→ **TASK PROMPT**
Reproduce the entries exactly and omit the pictures.
Content starts
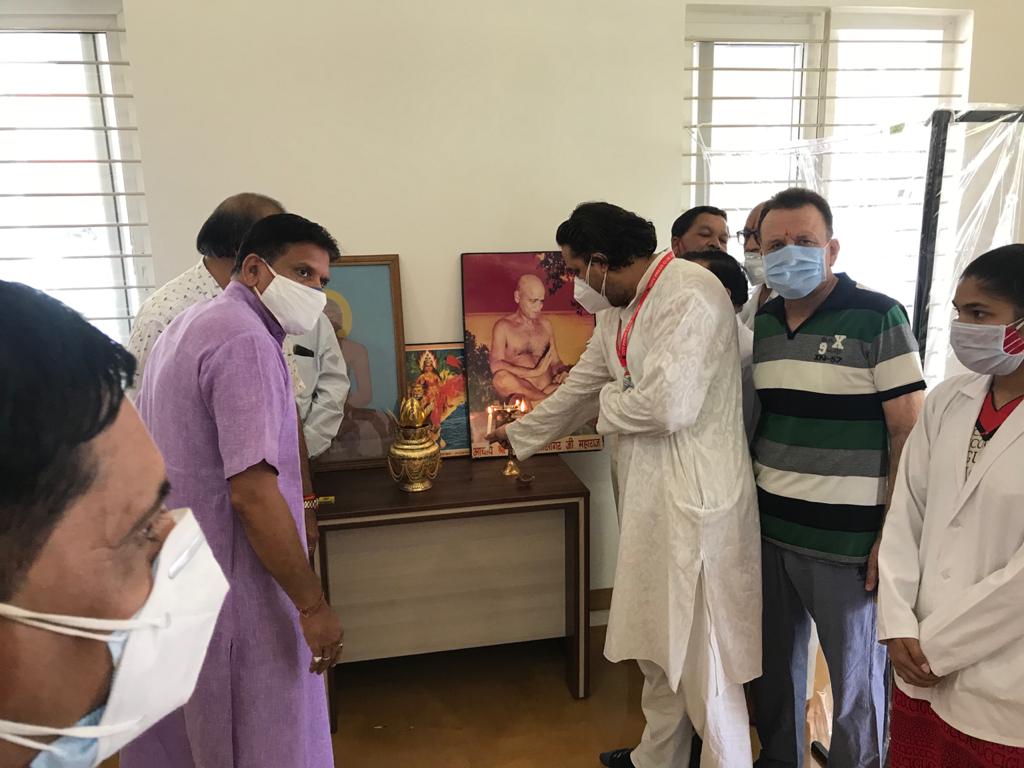 समाज के सभी घटकों को टीकाकरण के लिए प्रोत्साहित करें- मुनि श्री प्रज्ञा सागर जी महाराज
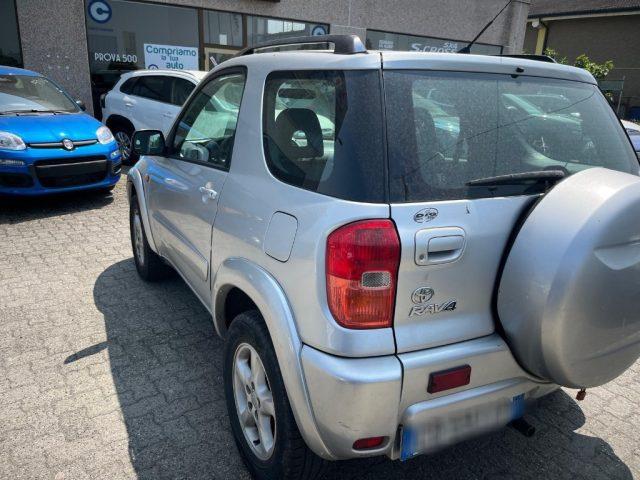 TOYOTA RAV 4 MY23 RAV4 2.0 Tdi D-4D cat 3 porte Sol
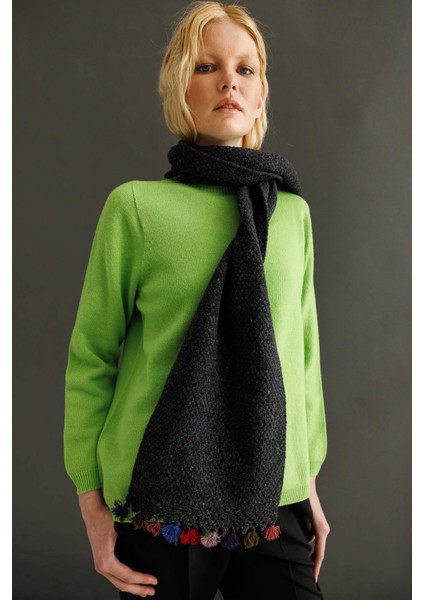 Kadın Kenarı Tığlamalı Püsküllü Yün Kaşkol K.füme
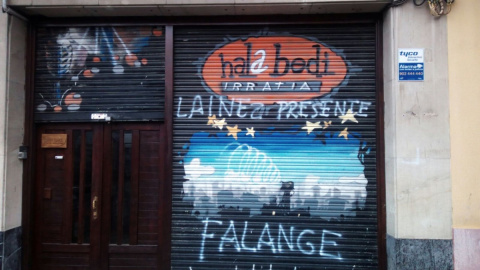 Pintadas de Falange en el local 'Hala Bedi'./ Público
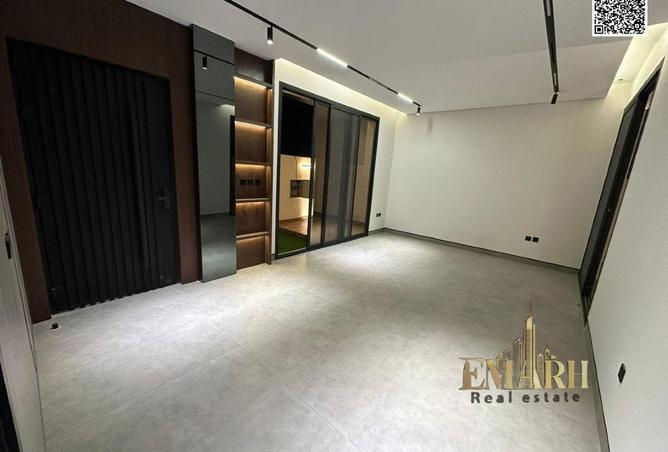 128857498 - Property Image 3
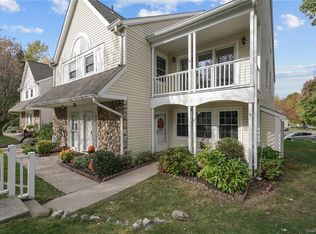 4 Burnham Ct, Fishkill, NY 12524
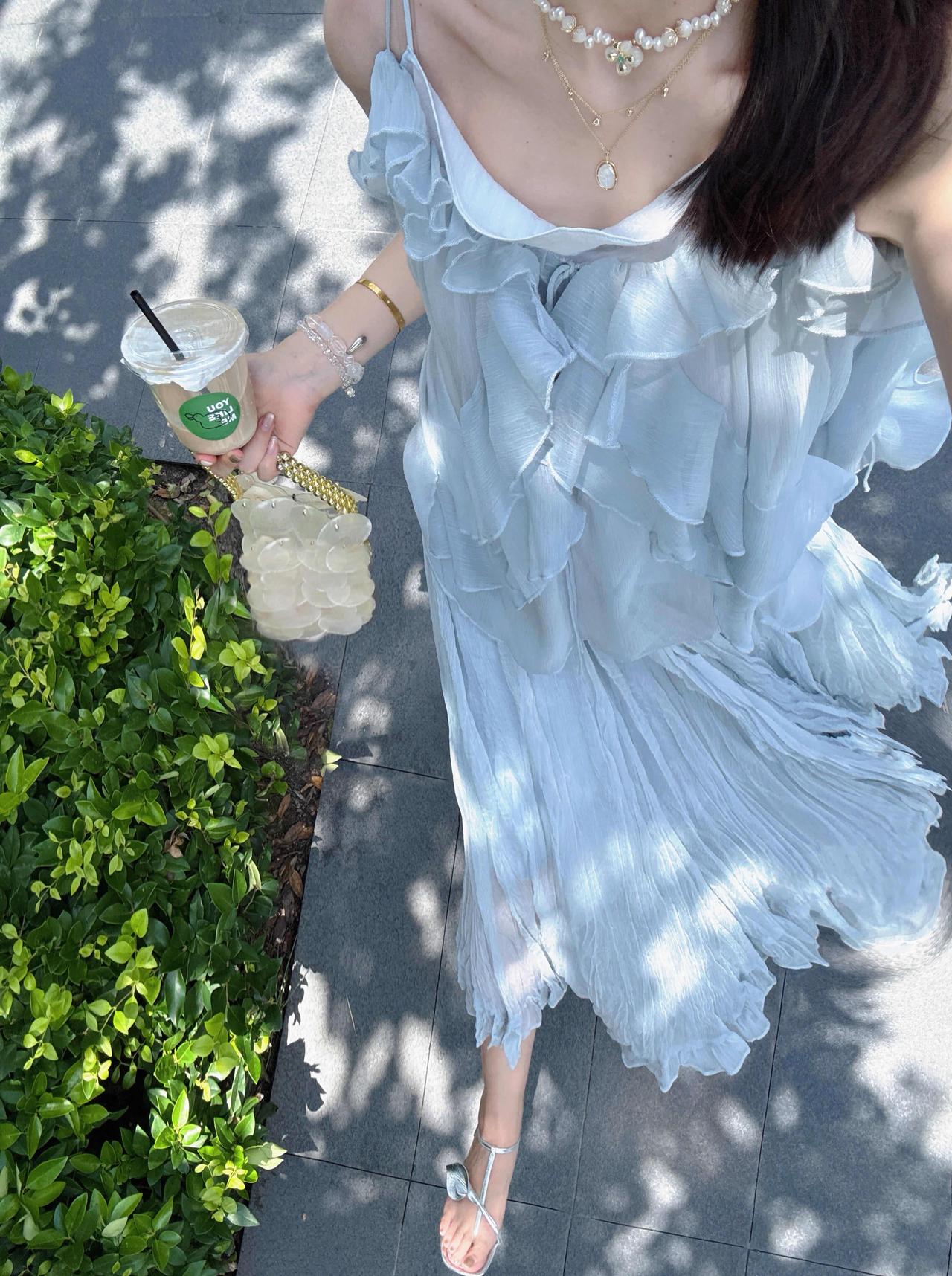 夏季裙子穿搭合集！整理了多款氛围感裙装搭配，风格丰富多样。清新浅蓝荷叶吊带裙温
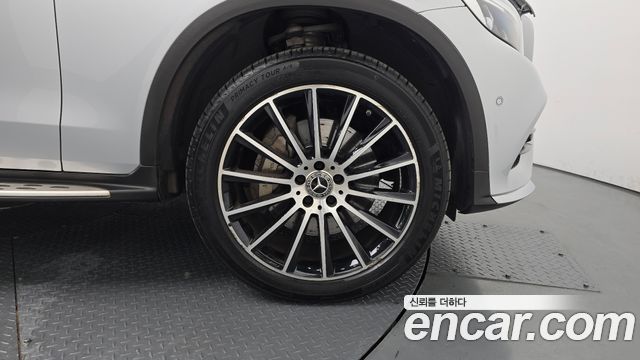 Mercedes-Benz GLC-Class 2019 — photo 31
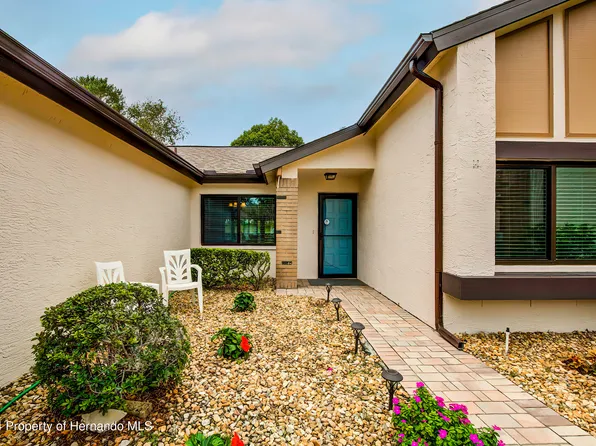 7499 Heather Walk Dr, Weeki Wachee, FL 34613
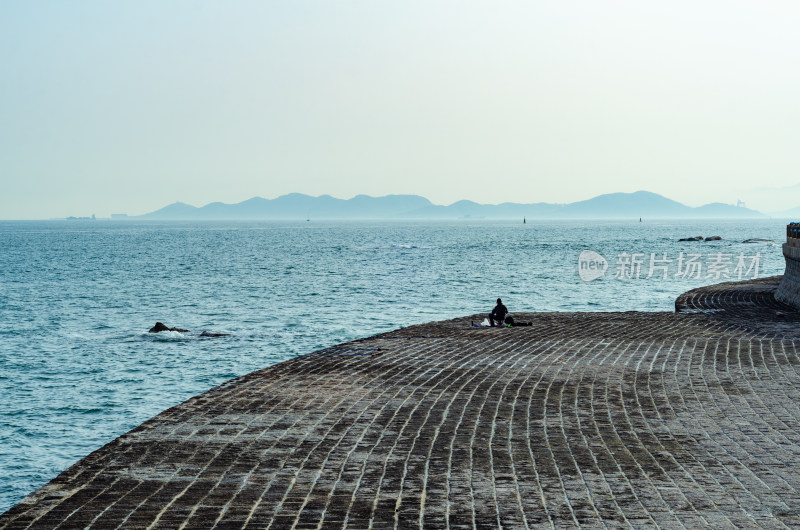 青岛燕儿岛海岸风光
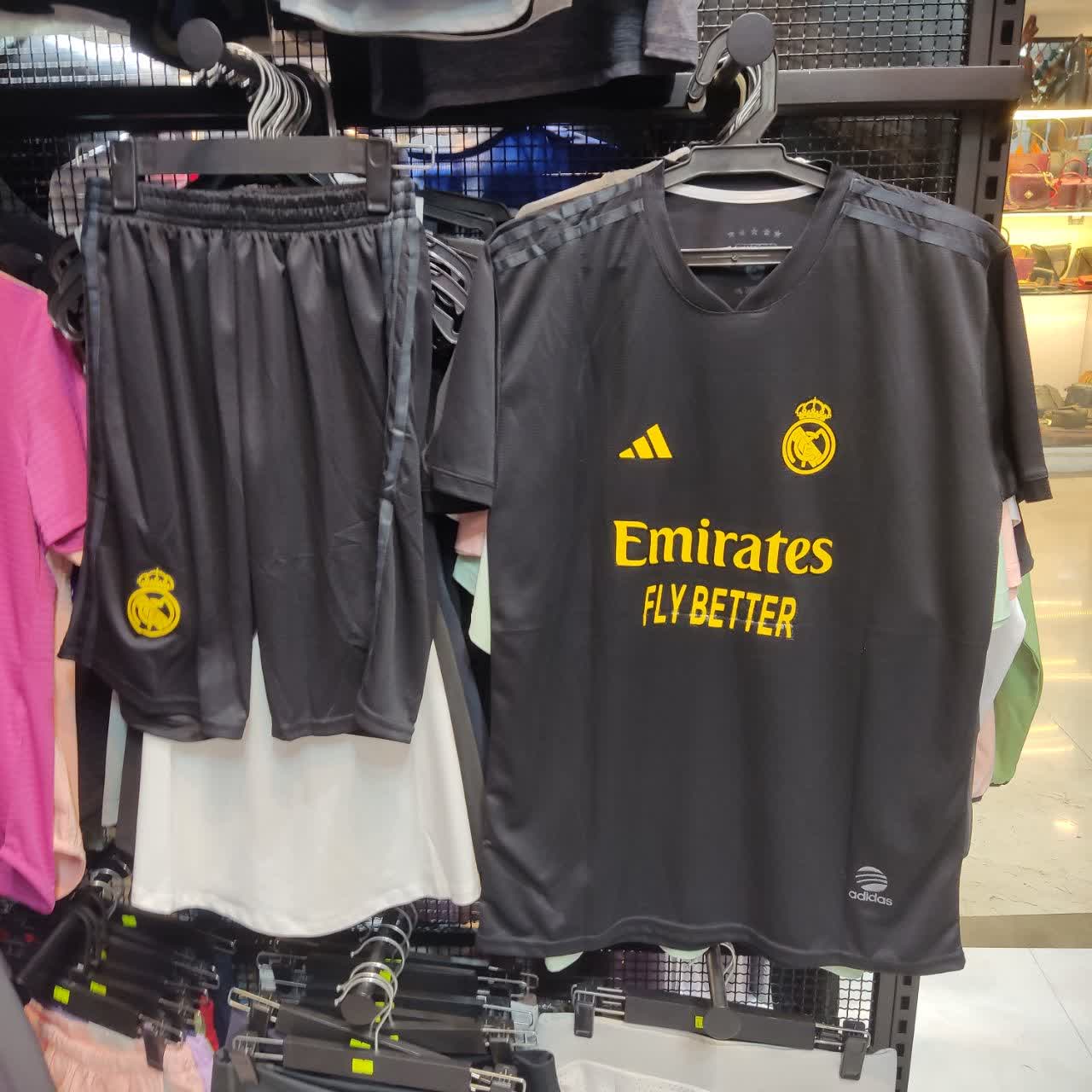 خرید لباس رئال مادرید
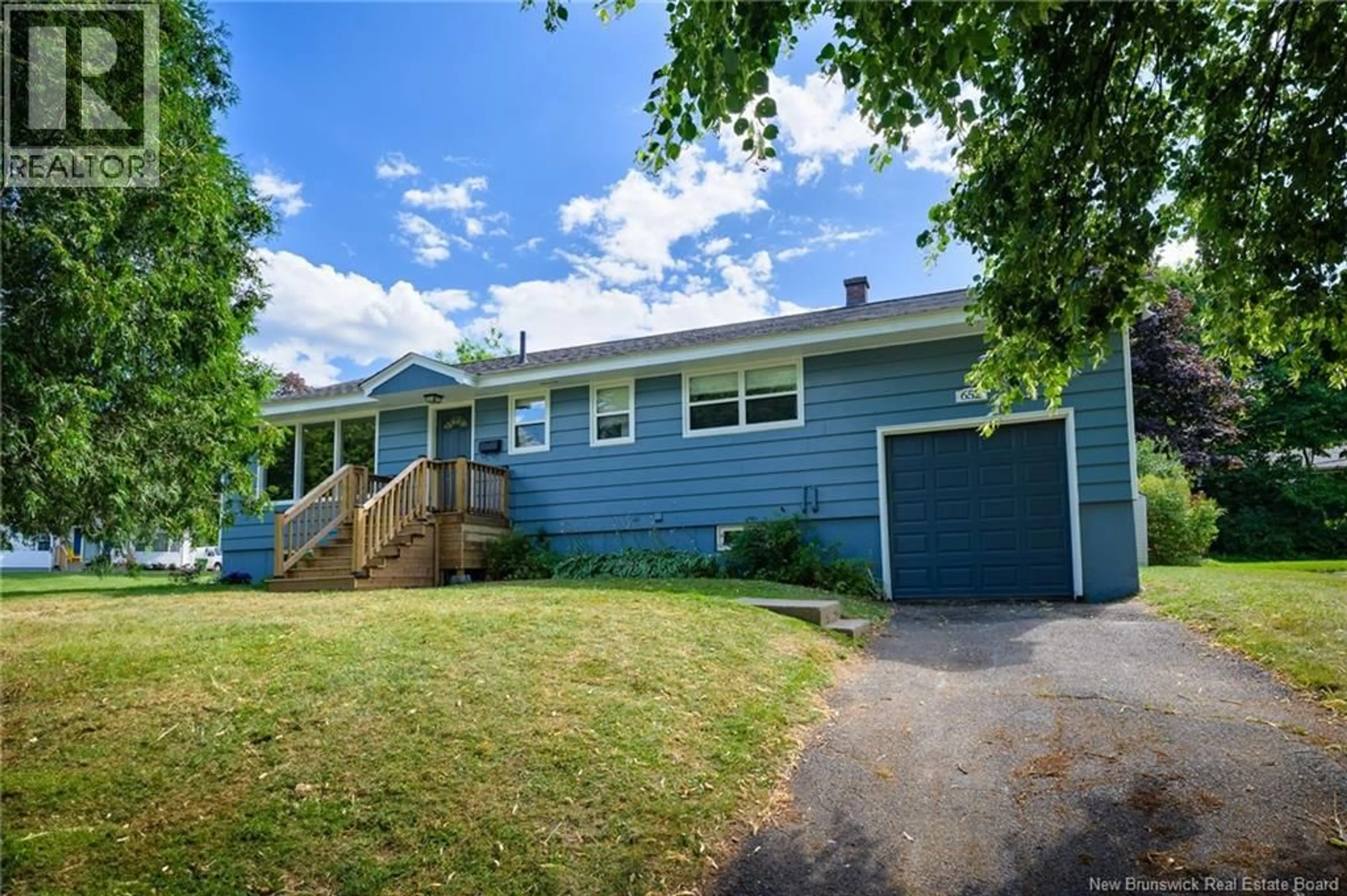 Unknown for 652 LOYALIST COURT, Fredericton New Brunswick E3B3K9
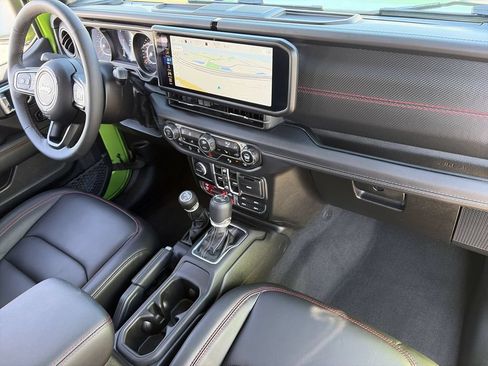 Used 2025 Jeep Wrangler Unlimited Rubicon AWD/4WD image 29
Content ends
→ **RESPONSE FOR THIS EXERCISE**
 समाज के सभी घटकों को टीकाकरण के लिए प्रोत्साहित करें- मुनि श्री प्रज्ञा सागर जी महाराज
 TOYOTA RAV 4 MY23 RAV4 2.0 Tdi D-4D cat 3 porte Sol
 Kadın Kenarı Tığlamalı Püsküllü Yün Kaşkol K.füme
 Pintadas de Falange en el local 'Hala Bedi'./ Público
 128857498 - Property Image 3
 4 Burnham Ct, Fishkill, NY 12524
 夏季裙子穿搭合集！整理了多款氛围感裙装搭配，风格丰富多样。清新浅蓝荷叶吊带裙温
 Mercedes-Benz GLC-Class 2019 — photo 31
 7499 Heather Walk Dr, Weeki Wachee, FL 34613
 青岛燕儿岛海岸风光
 خرید لباس رئال مادرید
 Unknown for 652 LOYALIST COURT, Fredericton New Brunswick E3B3K9
 Used 2025 Jeep Wrangler Unlimited Rubicon AWD/4WD image 29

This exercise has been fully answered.